Audiences whip out their phones as Singaporean Laura Lee – clad in a sparkly red frock that shows off her lean physique – begins singing and doing the salsa to Michael Buble’s “Sway.”
The 47-year-old – the youngest contestant among 17 women but already a grandmother of six – ended up sashaying her way to the crown.
The competition, which ended on 23 January, was her third beauty pageant and her second win.
At 44, Ms Lee – who had five grandchildren then – took part in her first pageant, Mrs Singapore, in which she emerged as the first runner-up. Later that year, she won the Mrs Tourism Queen International Pageant in Thailand.

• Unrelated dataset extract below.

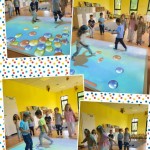 548485357_1239185244676799_7914088724183995741_n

The mother of three, who turns 48 in March, is also a successful entrepreneur behind a logistics business and five frozen food companies.
But life has not always been a bed of roses for Ms Lee, who first became a mother at 20 and a grandmother at 37. Her three children – Cheryl, Sean and Lester – are now 28, 27 and 24 respectively.
Money was scarce growing up. Her electrician father supported a family of six on a monthly salary of $1,500, while her mother, a housewife, looked after their four children.
By age 13, Ms Lee, the second youngest child, was giving English and mathematics tuition to Primary 1 pupils to earn pocket money. At 16, she worked as a sales assistant at a gifting company, selling flowers, hampers and trinkets when she was not in school.
“We never went hungry, but we were not able to afford any luxuries either. It made me want to be more capable, so I could provide my children with a better life,” she recounts to The Straits Times in a video call.